For that reason, most VPN protocols use AES-256 (or a similarly strong cipher like ChaCha20) to encrypt the data packets themselves, then combine it with a larger suite of multiple encryption algorithms. One of the most reliable and popular protocols, OpenVPN, uses the asymmetric TLS protocol to establish a secure relationship between client and server, then transmits packets encrypted with AES-256 across that channel, knowing the keys will be safe.

Explaining this could easily reach the length of a book, but the basic principle isn't complicated. In asymmetric encryption, a sender encodes data with a unique key, then a recipient decodes it with a different paired key. The keys are provided by a trusted third party. In a maneuver called a TLS handshake, the server and client send each other encrypted data. If each can decode the other's test data, they know they have a matched pair of keys, which proves that both are the same client and server that got the keys from the trusted authority.

Why not just use asymmetric encryption for the data itself, if it's more secure? Mainly, protocols don't do this because it's a lot slower. Asymmetric encryption requires a lot of resource-heavy math that makes connections drag. That's why OpenVPN and others use the asymmetric-to-symmetric two-step instead.

To summarize, a VPN protocol is a complex set of instructions and tools that control encryption and routing via VPN servers. Protocols still in use include OpenVPN, WireGuard, IKEv2, SSTP and L2TP. PPTP, one of the oldest protocols, is no longer considered secure. On top of these, VPNs often build their own proprietary protocols, such as ExpressVPN's Lightway.

Putting it all together

Now that we've hit all the relevant information, let's revisit that step-by-step from earlier, this time with a VPN in the mix. Here are the steps, starting with establishing the VPN connection and ending with anonymously viewing a website.

1. You open your VPN client, choose a server location and connect. The VPN client and server authenticate each other with a TLS handshake.

2. The client and server exchange the symmetric keys they'll use to encrypt and decrypt packets for the duration of this session (i.e. until you disconnect). Your VPN client tells you that it's established a secure tunnel.
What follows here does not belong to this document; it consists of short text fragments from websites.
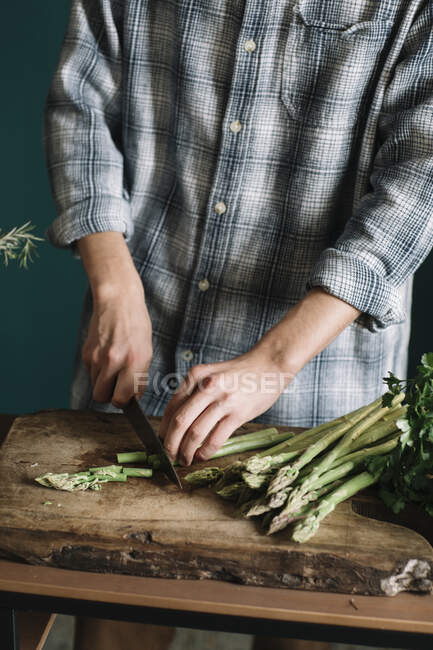 Parte central do homem cortando espargos frescos a bordo na cozinha — Fotografia de Stock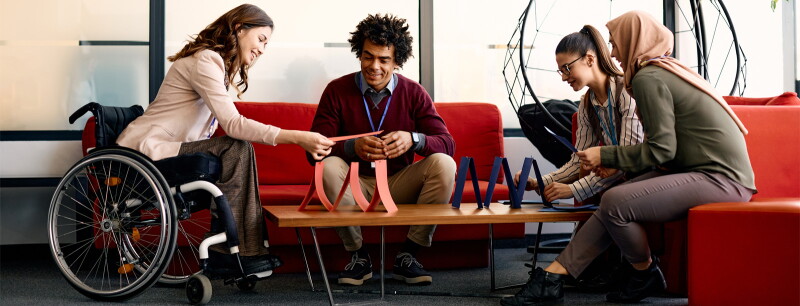 Multiracial business coworkers making house of cards on break in the office.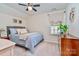 Cozy bedroom with comfortable queen bed, dresser, and bedside table near sunny window at 17231 Rider Wood Ln, Charlotte, NC 28278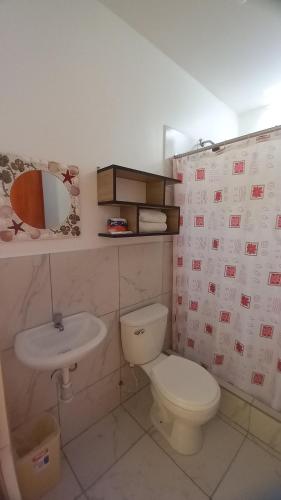 a bathroom with a toilet and a sink at Hospedaje Ola Marina in Máncora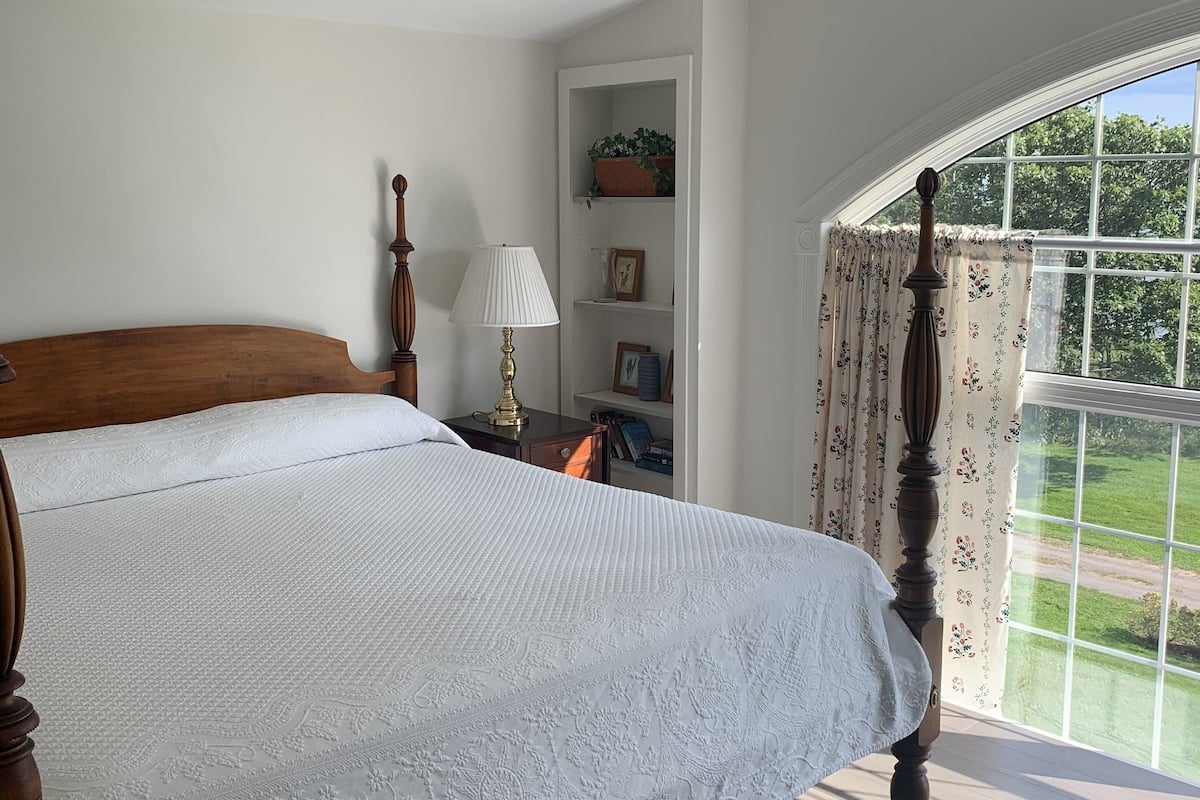A bedroom with a wooden bed, a nightstand with a lamp, a shelf with decorative items, and a window with curtains.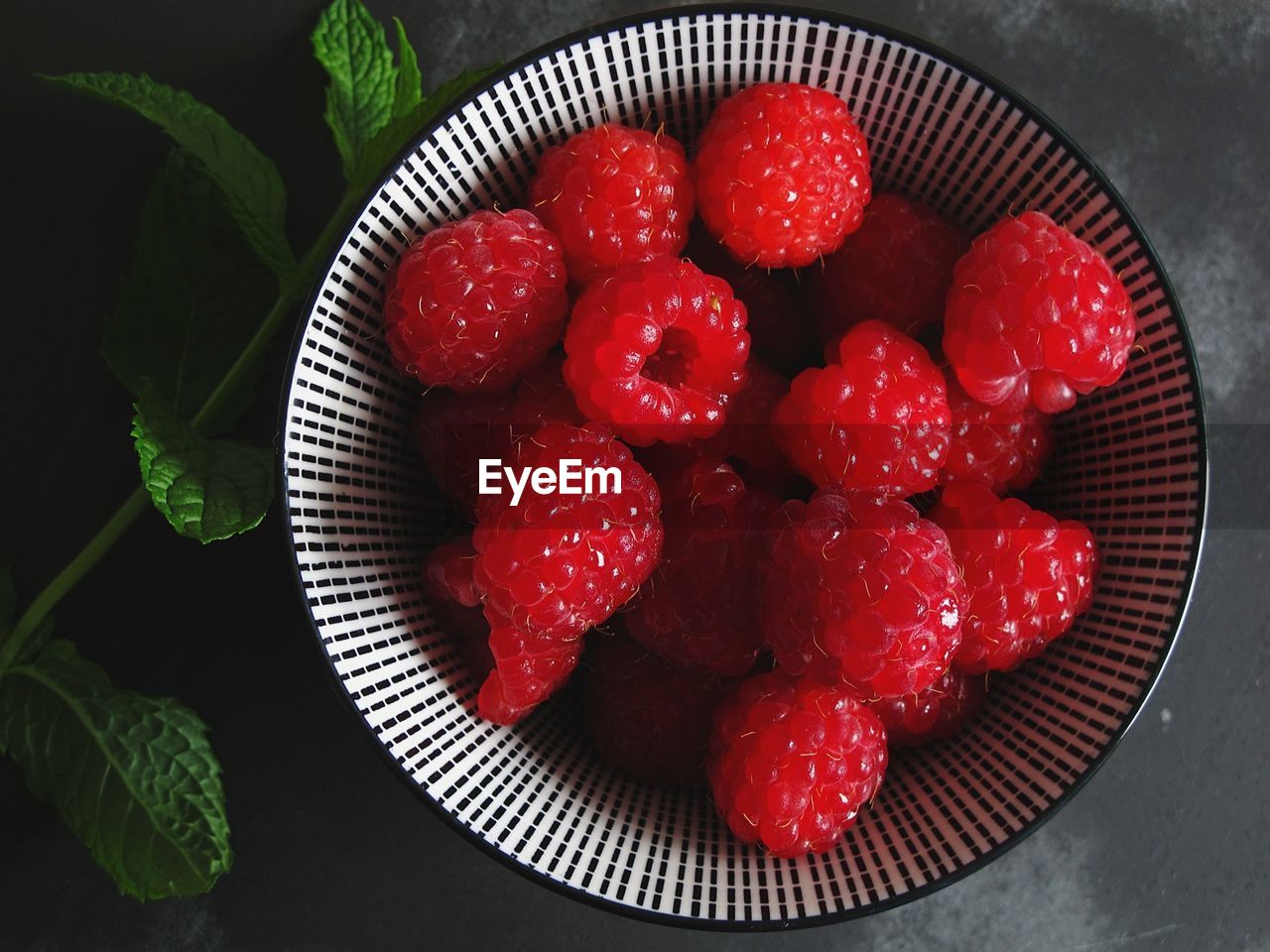 Directly above shot of raspberries in bowl and mint on table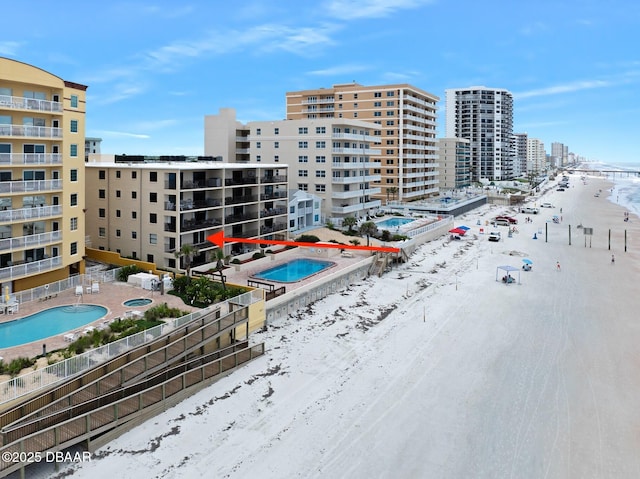 3807 S Atlantic Ave Unit 203, Daytona Beach, FL 32118 - view of property with a community pool and a view of city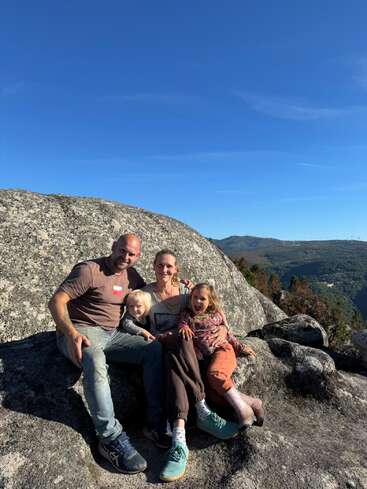 A happy family of four sits on large rocks under a clear blue sky, enjoying a scenic mountain view with greenery and distant hills in the background.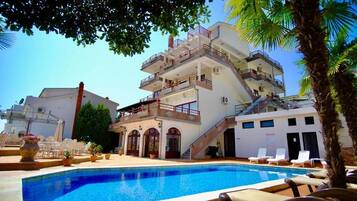 A hotel with a swimming pool, multiple balconies, and outdoor seating.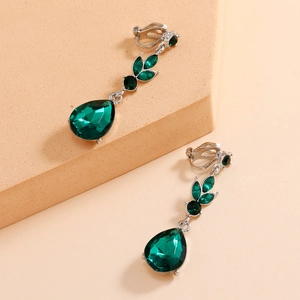 Close-up of teardrop green gemstone ear clips with silver settings on a beige block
3. You open your web browser and enter a URL. Your browser sends a request to view the content at that address.

4. The request goes to your VPN client, which encrypts it and adds an outer layer of information with directions to the VPN server.
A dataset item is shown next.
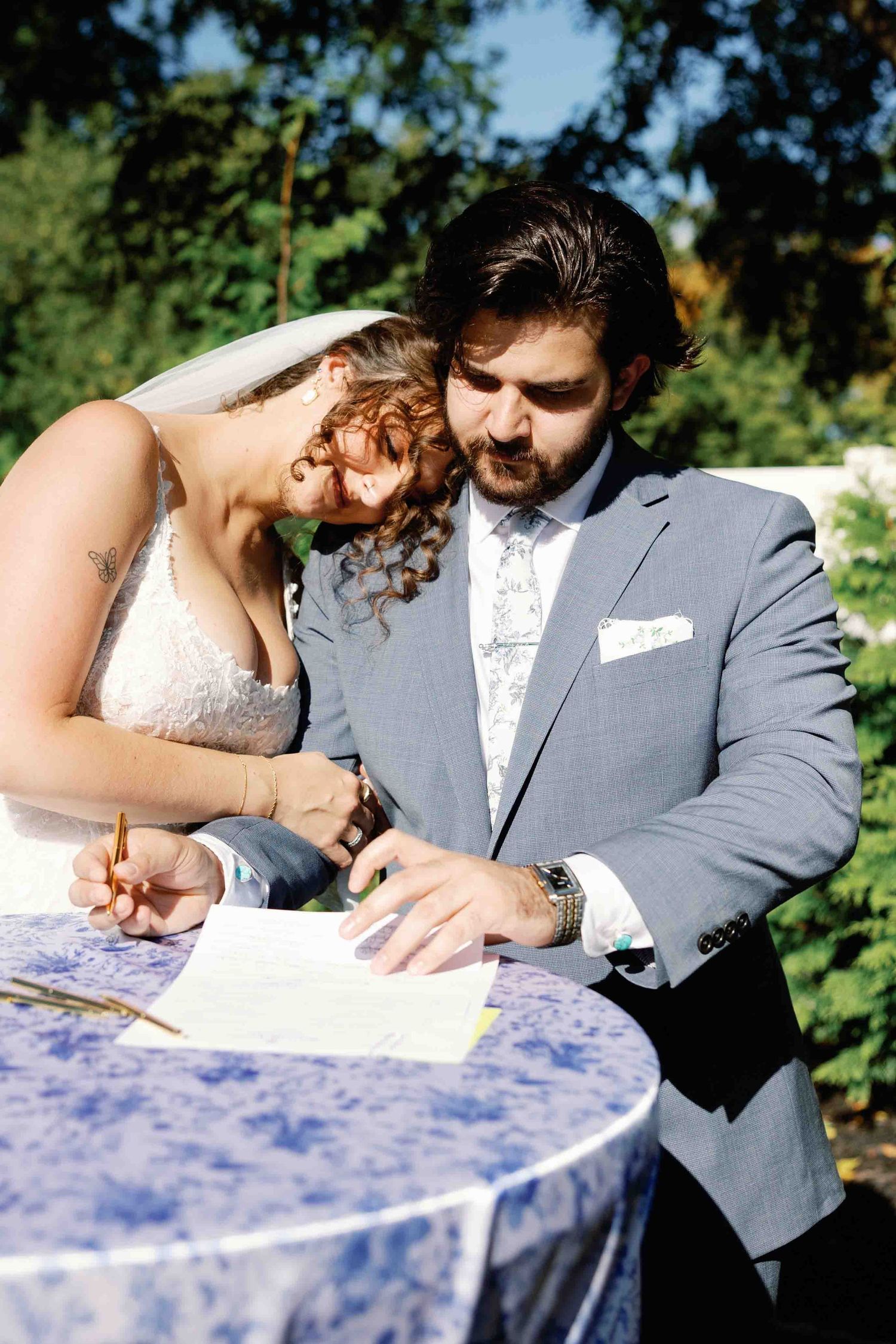 A couple signs marriage documents together at an outdoor wedding ceremony.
5. The encrypted request reaches the VPN server, which decrypts it and forwards it to your ISP.

6. As normal, your ISP finds the IP address associated with the URL you entered and forwards your request along.

7. The destination server receives the request and sends all the necessary packets of information back to your ISP, which forwards it to the VPN server.
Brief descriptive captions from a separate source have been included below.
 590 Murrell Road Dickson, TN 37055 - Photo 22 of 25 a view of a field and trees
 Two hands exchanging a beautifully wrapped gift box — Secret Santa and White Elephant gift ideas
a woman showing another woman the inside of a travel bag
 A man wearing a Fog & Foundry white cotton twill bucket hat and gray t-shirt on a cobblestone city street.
8. The VPN server encrypts each packet and adds a header directing it to the VPN client.

9. The client decrypts the packets and forwards them to your web browser.

10. You see the web page you opened.

Because of the encrypted tunnel, the request arrives at the VPN server without any information on where it came from. Thus, the VPN doesn't actually encrypt your activity on the websites themselves — for the most part, the HTTPS protocol does that. Instead, a VPN gives you a false name to put in the register, with no information that could be traced back to your real identity.

How to use this information

Now that you know how a VPN works on a technical level, you're better equipped to choose one for yourself. You can cut through marketing hype statements like:

• "Military-grade encryption!" (It's the same algorithm everybody uses)

• "Stay completely anonymous online!" (Plaintext you post on social media is not encrypted)

• "Dodge ISP throttling!" (If your ISP is throttling you based on your IP address, this works — but if you're being slowed down because of your moment-to-moment activity, your identity doesn't matter)

A VPN is just one important part of a complete cybersecurity breakfast. While hiding your IP address, make sure to also use strong passwords, download updates immediately and remain alert for social engineering tactics.